La production de ce mouvement cessa progressivement en 1906 quand Omega recourut à un calibre 18"' chro de 18 lignes qui remplaça la première version.
L'usage du chronographe par le grand public était assez limité jusqu'en 1900 et la demande de la clientèle fut davantage orientée côté civil sur la réponse à des besoins industriels afin de cadencer la production des usines ainsi que le calcul rétrospectif de la vitesse des premières automobiles et côté militaire sur une attente d’abord assez aléatoire des armées. Le cadran en hérisson (simple repérage des 5èmes de secondes à l'extérieur du chemin de fer marquant les minutes) des premières versions dénote l'absence d'intérêt pour les télémètres ou tachymètres qui apparurent ensuite.

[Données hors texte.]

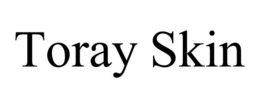 TORAY SKIN trademark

Si la diffusion de chronographes lors de la seconde guerre mondiale fut très importante, celle-ci reste confidentielle au moins au début de la première grande guerre. A fortiori, la vente de chronographes aux armées avant la guerre 14 relève de cas isolés souvent liés à l'aviation balbutiante.
Au regard des années de pleine production, un chronographe Omega équipé d'un 19"' chro date donc l'équipement d'avant 1906. On a une idée non exhaustive des armées qui ont acquis des chronographes avant la guerre 14 et une connaissance très limitée de celles qui se sont équipées ainsi avant 1910. C'est donc le hasard qui nourrit nos informations car peu de manufactures et en tous les cas rarement les armées disposent d'archives fiables sur cette période.
En Suisse, Omega est après Longines, l'une des manufactures les plus rapides à industrialiser un mouvement de chronographe infiniment plus complexe à fabriquer qu'une montre classique et qui demande en outre, un personnel davantage spécialisé. Zenith y viendra en 1913 et si Valjoux est omniprésent en qualité de fournisseur d’ébauches à la plupart des grandes maisons, la demande demeure celle d’une clientèle limitée.
L’intérêt des armées pour les premiers chronographesParmi les armées qui très tôt se penchent sur l'intérêt du chronographe, l'armée Austro-hongroise fait partie des conquérantes. La KUK.K, « kaiserliche und königliche Kriegsmarine » (Marine de guerre impériale et royale) était la marine militaire de l'Empire Austro-hongrois. Cette marine fondée à la création de la double monarchie en 1867 existera jusqu'à la fin de la Première Guerre mondiale. Elle fit suite à la force navale autrichienne qui était celle de l'Empire d'Autriche. Elle fut au commencement de la grande guerre, la plus modeste des armées des belligérants. Elle livra très peu de combats fautes de moyens mais fut assez influente pour bloquer les marines Italienne et Française en Méditerranée pendant toute la durée des conflits. Bloquée faute de charbon, la marine Austro-Hongroise fut sédentarisée également par les mines posées dans l'Adriatique.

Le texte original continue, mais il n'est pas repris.